İki editör (Green&Ward) devlet suçunu "devlet tarafından gerçekleştirilen illegal ya da sapkın faaliyetler" olarak tanımlıyor. Bu suçlar, politikalarını gerçekleştirmek amacıyla, ulus-devlet adına devlet bürokrasisi tarafından işleniyor.

Başka bir yazar (Macloughlin) devlet suçunu dört kategoriye ayırıyor:

Güvenlik güçlerinin işlediği suçlar (soykırım, işkence, duruşmasız hapis, muhaliflerin "kayıp" edilmesi)

Siyasal suçlar (sansür ve yolsuzluk)

Ekonomik suçlar (sağlık ve güvenlik kanunları)

Sosyal ve kültürel suçlar (kurumsal ırkçılık)

Dergide vurgulanan bir başka nokta da modern dünyadaki en ciddi suçların, hükümetler ve devlet görevlileri tarafından işlenen, kışkırtılan ya da onaylanan eylemleri olduğudur. Örneğin, soykırım, savaş suçları, işkence, yolsuzluk, vs. Ne var ki devlet suçlarının üzerinde popüler ve akademik yazarlar tarafından gereğince durulmamaktadır. Oysa bu fiillere suç demenin tartışmasız yerinde kabul edilmesi gerekir. Devlet suçunun salt legalist tanımını yapmak ise yetersizdir: Çünkü geçtiğimiz yüzyılın en büyük kitlesel insan hakları ihlallerini (1959-61'de Çin'deki açlık gibi) dışarıda bırakacaktır. Oysa bu açlıkta 30 milyon insanın öldüğü tahmin edilmektedir. Onlar devletin ehliyetsizliğinin, kandırmacasının ve aşırı ekonomik sömürünün kurbanıydılar ve Çin hükümetleri kendi kusurlarını gizlemeye çalışmıştı.

Tutucu hukukçular tanımı dar tutarak ilk bakışta politik gibi görünmeyen ama pekâlâ politik cepheleri de olan, ama olmasa da devletlerin kastı ya da ihmali yüzünden vahim gayrı insani sonuçları olan eylemleri (ve de eylemsizlikleri) dışarıda bırakmak eğilimindedir. Sel, yangın, deprem hallerindeki hükümet yetersizlikleri önde gelen örneklerdendir.

* * *

"Modern devletler şimdiye kadar hiçbir haydut çetesinin umamayacağı ölçüde cinayet işlemekte ve talan yapmaktadır." (Green&Ward) Bu suçları sayısal olarak ifade etmek hiç kolay değildir ama iyi kötü hesaplanmıştır ki 1900'den- 1987'ye kadar 169 milyondan fazla insan hükümetler tarafından katledilmiştir. Bu sayıya savaşlarda ölenler (35 milyon), adli infazlar dahil değildir.
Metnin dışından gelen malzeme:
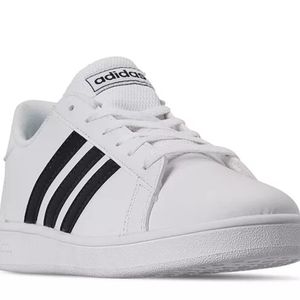 Kids' Grand Court Sneakers Adidas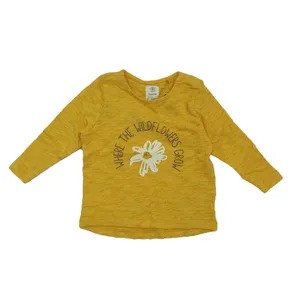 تی شرت آستین بلند دخترانه لوپیلو مدل 0925-1957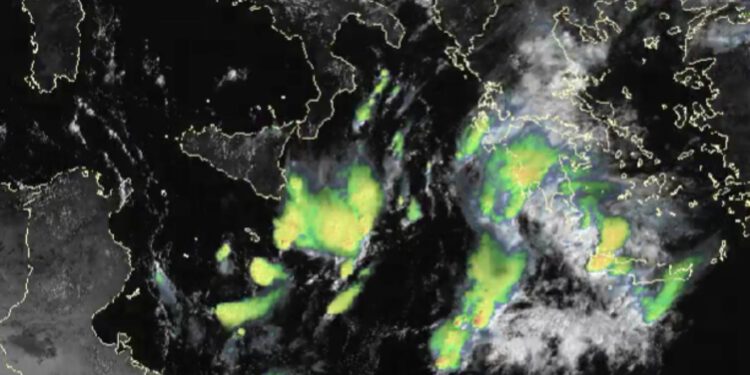 Nešto se gadno ‘kuha’ u srcu Europe: Sredozemlju prijeti opasni ‘medicane’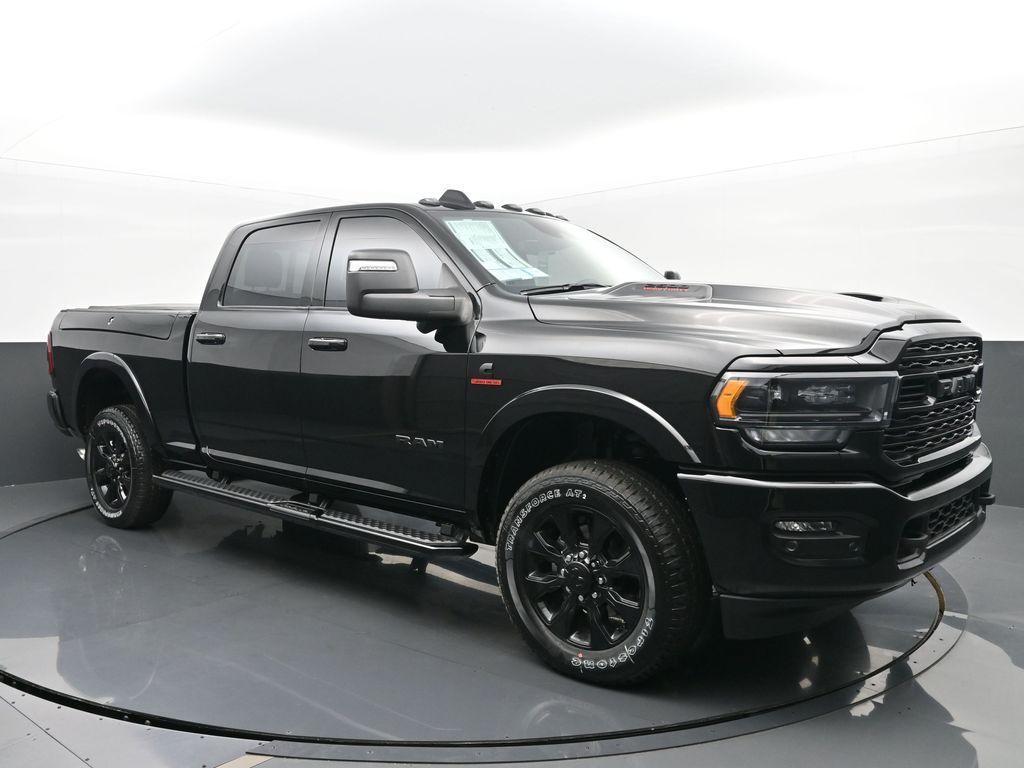 new 2024 Ram 2500 car, priced at $92,357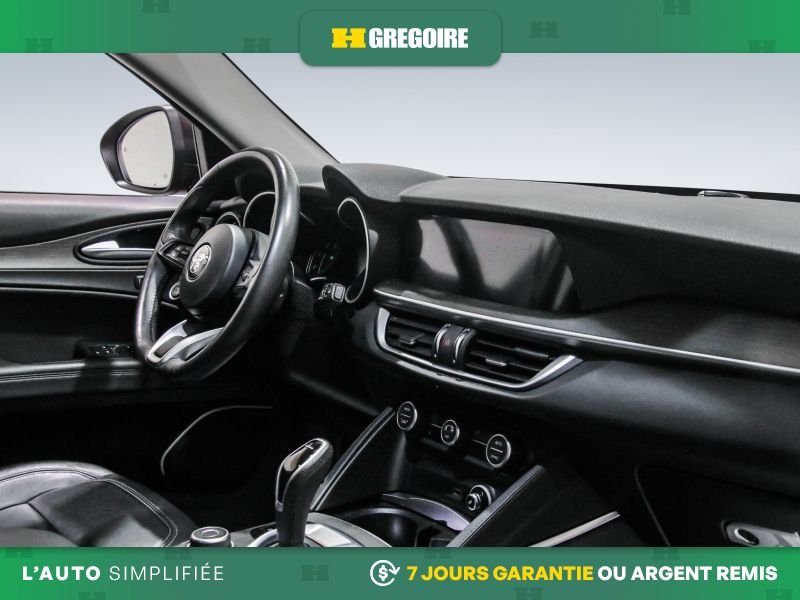 Alfa Romeo Stelvio 2021 Rouge Laval - photo #31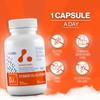 ATP LAB - Vitamin D3 K2 60 Capsules - K2
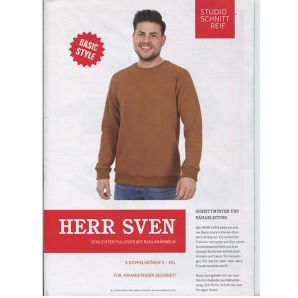 Studio Schnittreif - Pullover Herr Sven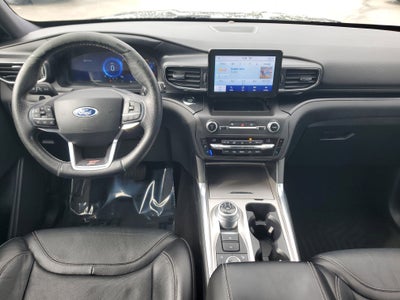 2020 Ford Explorer ST 4WD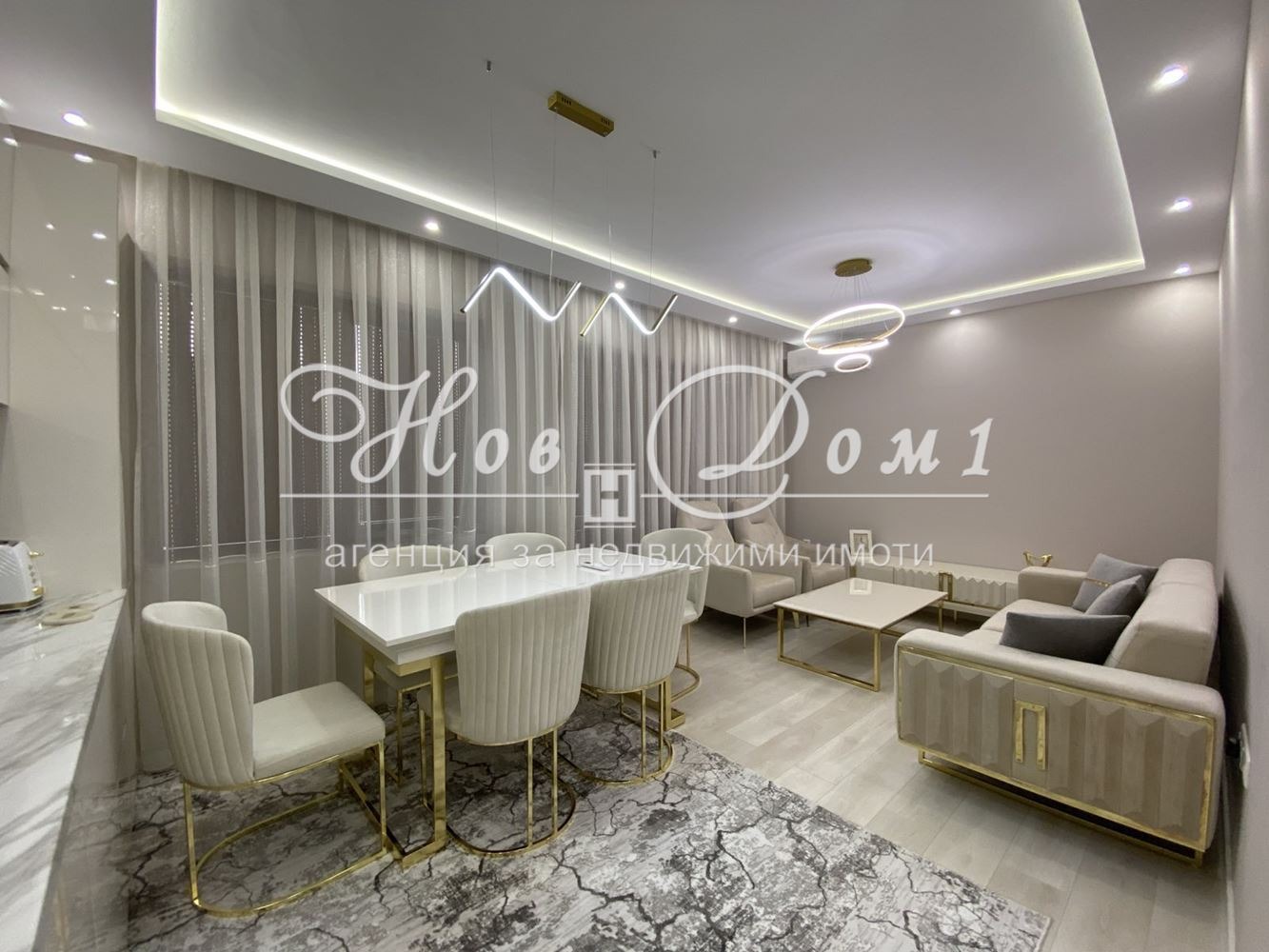 Дава под Наем 3-СТАЕН | Imot.bg — изображение 2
Tabii, rüşvet çok yaygındır ama bunlar küçük yolsuzluklar olarak siyasal elitlerin grand yolsuzluklarının yanında gölgede kalmaktadır. Örneğin, Nijerya diktatörü Sani Abacha ülkesinin hazinesinden 4 (milyar?) dolar çalmakla itham edilmektedir ki bu meblağ İngiltere ve Galler'de son yıllarda çalınan veya hasar verilen malların tümünün değerinden daha yüksektir.

"Haydut çeteleri"yle "adaletsiz devletler" arasında, salt ölçek farkının ötesinde, bir aşikâr fark daha vardır: Neyin "adil" olduğuna da devlet karar vermektedir; kimin haydut olduğuna ve kimin vergi-toplayıcı olduğuna da. (s.1)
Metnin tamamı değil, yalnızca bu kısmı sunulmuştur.